I do anything to forget how empty I am on the inside.

I can feel the despair setting in.
I can feel the shadows of the valley slowly covering me.
And it is crushing me.
With every breath, it just gets harder to breathe.

And this is the worst point in depression. This is the point that I can no longer mask it. I can no longer pretend that it isn't there or that I am doing alright. It is at the point that it has drained all energy that I have in me and I have nothing left.

So I isolate myself. Not hard to do out here. It isn't hard to be alone when you don't have many friends in your life. And when I am with the few friends I have, I keep the topics light and superficial. Even when I talk to people from home I can't help but wear a mask.

Because I am not strong right now and I can't bear for anyone to see that side of me. I cannot bear the thought of people judging me for my bitterness towards God. I cannot bear the well meaning "God is still there and still cares," b.s. that everyone always tries to tell you. Cause it isn't what I need to hear.

I don't need to hear that God loves me. I don't need to hear that this is His plan.
Me being in pain during something He created as holy and beautiful doesn't sound like a very good plan to me. And I am struggling with hating Him for it.

I never thought I would be someone to say that. Say that I hate God.

Tonight as I was shuffling music on my phone, a worship song came on and I went and got my Bible and opened it randomly to a spot. I didn't know what to read and I didn't think I would find anything useful anyways. It was just kind of a last ditch effort to go to bed without crying for once this week.

Psalms 105:4-5
"Search for the Lord and for His strength; continually seek Him. Remember the wonders that He has performed, his miracles, and the rulings He has given."

Then the Psalms goes on to talk about the commitment that God made to Abraham. How God made a covenant to Abraham for generations...

And I thought about Sarah. How must she have felt, knowing that God made a promise of descendants as many as the stars in the sky, and not being able to conceive. The despair and the feeling that she must not be in God's plan. She must have been the problem, the failure... Not being able to give her husband something that was important to him and what God said was their future. The depression that must have followed her every attempt to conceive a child and the disappointment every month when she receive something other than God's master plan.

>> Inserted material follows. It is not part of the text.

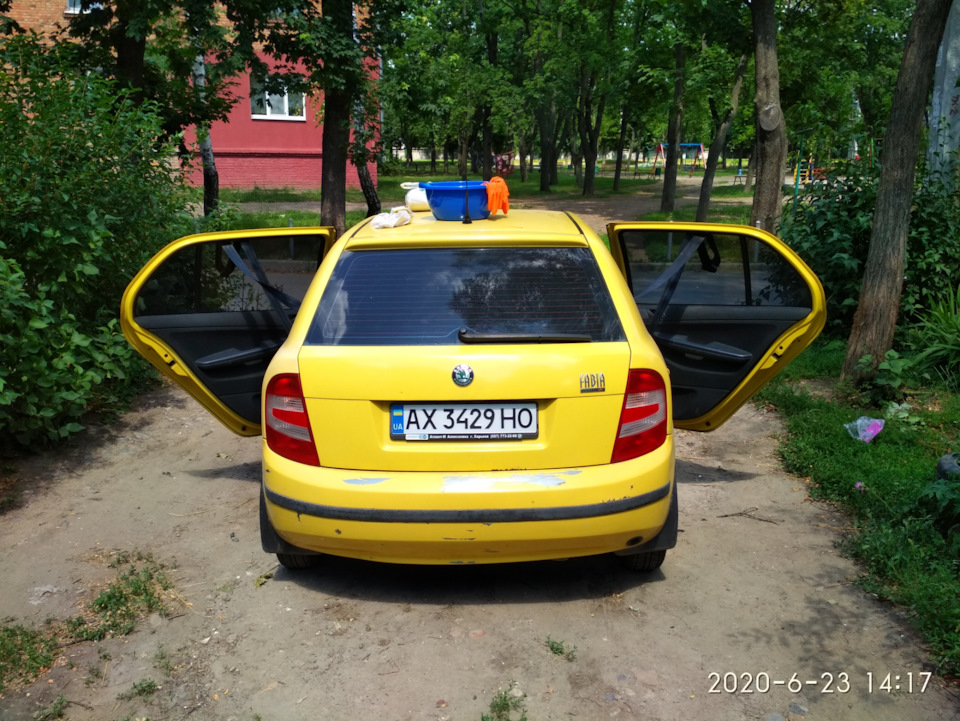 Чистка ременів безпеки 1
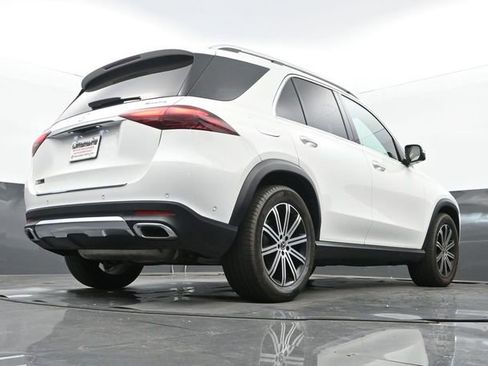 Used 2024 Mercedes-Benz GLE 350 4MATIC image 11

It drove her to push her husband into the arms of another woman. Imagine the way she must have felt in her heart, the desolation that she must have been experiencing. To completely give up on herself and force her husband to father a child with another woman. Imagine the nights that he was in the tent with Hagar... Feel the way that her heart must have been breaking into a million pieces.

She must have completely hated God, despised Him.
He promised something to her and then withheld it.
For years, and years, and years...

The desert causes women to give up hope on themselves and fall into despair.

When Sarah lost faith, her enemy was born. 
A son that from his first breath on would torment and seek to destroy her family.

Yet even in Sarah's weakness, God still came through with His promise. He was true to His word, despite her despair and poor choices.

It took years. And lost hope. And failure. And sin. And an unwanted child.

But God still showed up in her desert. He still met her even after she had given up hope. He still gave birth to His chosen people through her. He fulfilled His covenant even though it took longer than she thought it should.

Remember the miracles that He has performed in the past. Remember the moments that He brought us out of our despair.

And know that He will do it again. He will fulfill His promises. He will come through.

He will answer us.
And in the silence until then, we must not give birth to our enemy. We must not choose another path because we are tired of waiting for Him. We must not abandon Him, even when we are in despair in the desert.

This season will pass eventually. And until the drought is overcome with the rain, I will not give up.

I may not have hope tonight, but in the morning there is a new day to try again.